THE TASK: Give each line of the records again exactly and omit every picture.

──────── DATA EXCERPTS ────────

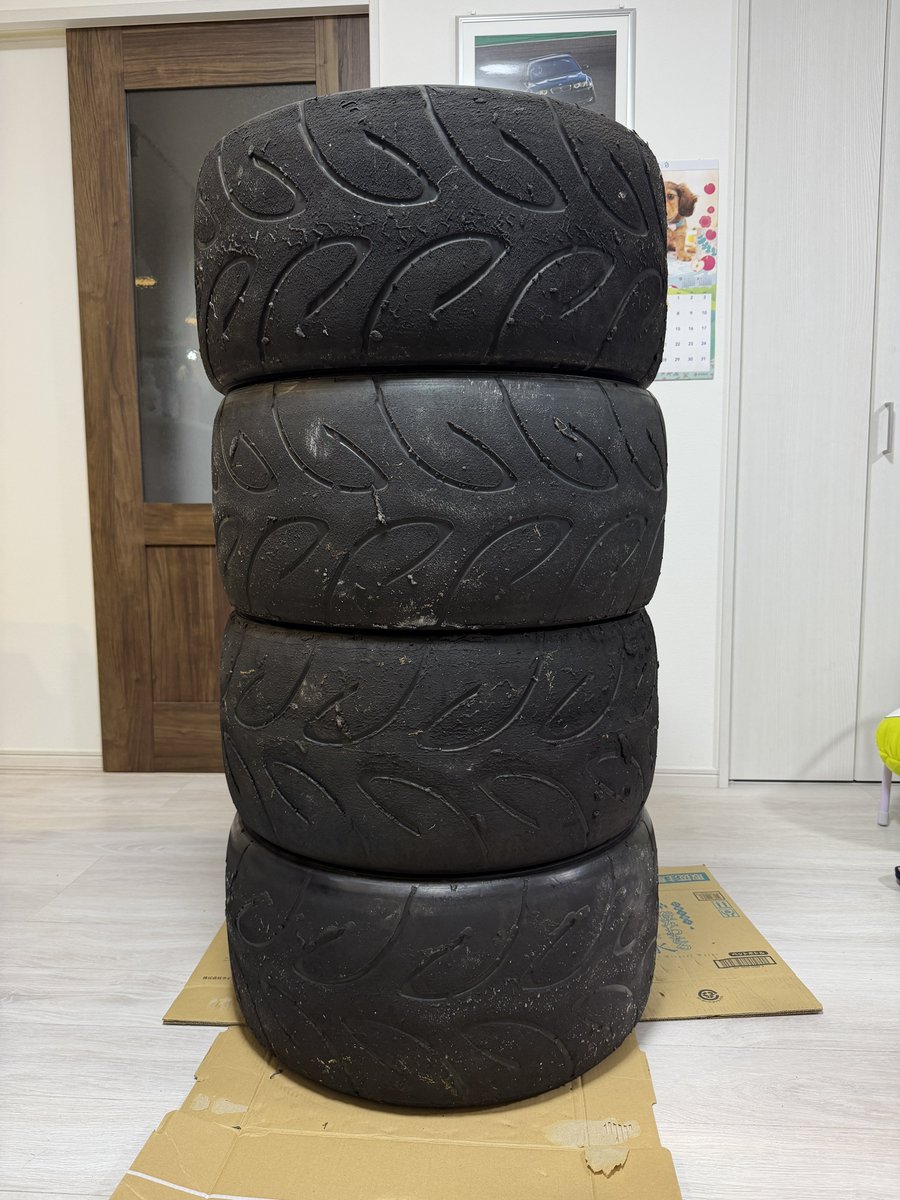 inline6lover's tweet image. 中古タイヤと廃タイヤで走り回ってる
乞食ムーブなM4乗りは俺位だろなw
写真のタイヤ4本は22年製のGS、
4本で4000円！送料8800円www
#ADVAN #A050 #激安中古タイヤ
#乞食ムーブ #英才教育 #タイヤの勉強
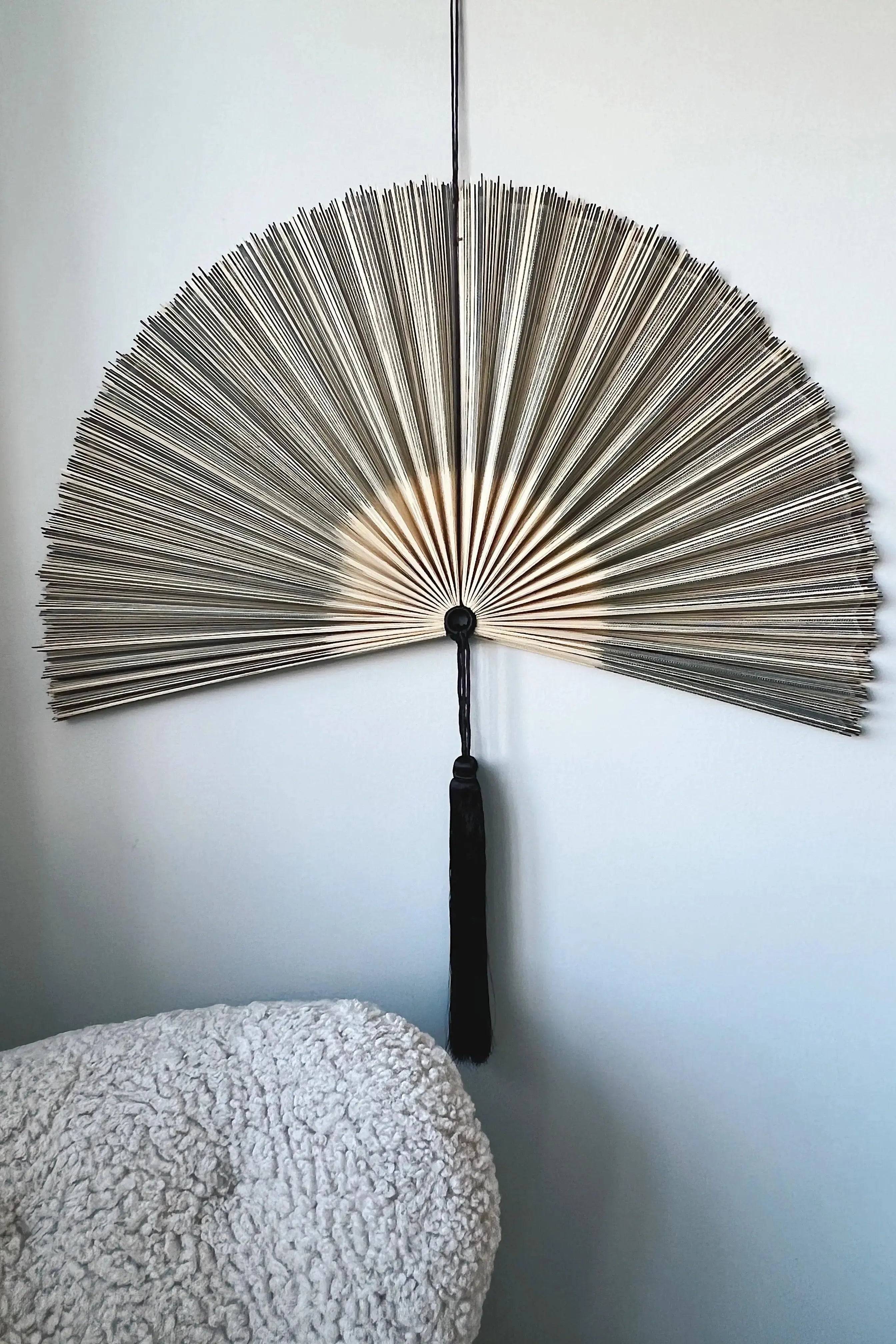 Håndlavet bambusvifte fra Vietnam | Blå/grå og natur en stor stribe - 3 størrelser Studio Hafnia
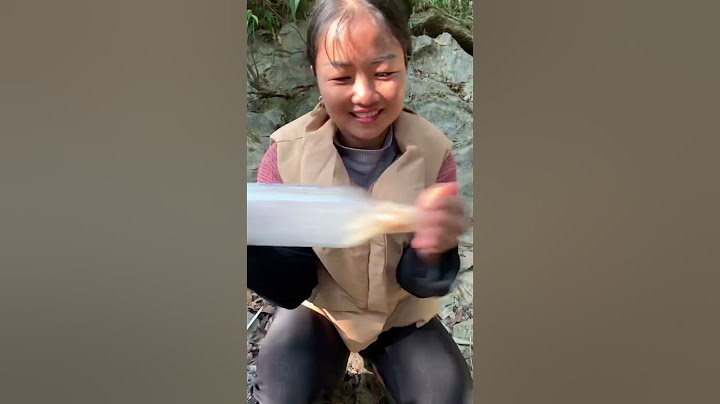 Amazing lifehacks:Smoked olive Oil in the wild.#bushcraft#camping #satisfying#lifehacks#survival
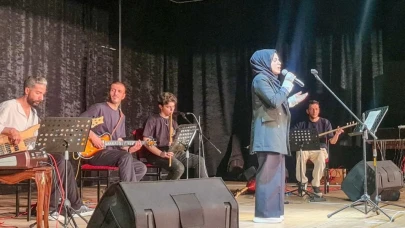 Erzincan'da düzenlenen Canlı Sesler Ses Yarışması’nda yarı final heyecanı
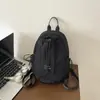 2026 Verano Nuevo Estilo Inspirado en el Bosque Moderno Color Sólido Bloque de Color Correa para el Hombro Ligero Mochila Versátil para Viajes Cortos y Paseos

────────

COMPLETED EXERCISE:
 inline6lover's tweet image. 中古タイヤと廃タイヤで走り回ってる
乞食ムーブなM4乗りは俺位だろなw
写真のタイヤ4本は22年製のGS、
4本で4000円！送料8800円www
#ADVAN #A050 #激安中古タイヤ
#乞食ムーブ #英才教育 #タイヤの勉強
 Håndlavet bambusvifte fra Vietnam | Blå/grå og natur en stor stribe - 3 størrelser Studio Hafnia
 Amazing lifehacks:Smoked olive Oil in the wild.#bushcraft#camping #satisfying#lifehacks#survival
 Erzincan'da düzenlenen Canlı Sesler Ses Yarışması’nda yarı final heyecanı
 2026 Verano Nuevo Estilo Inspirado en el Bosque Moderno Color Sólido Bloque de Color Correa para el Hombro Ligero Mochila Versátil para Viajes Cortos y Paseos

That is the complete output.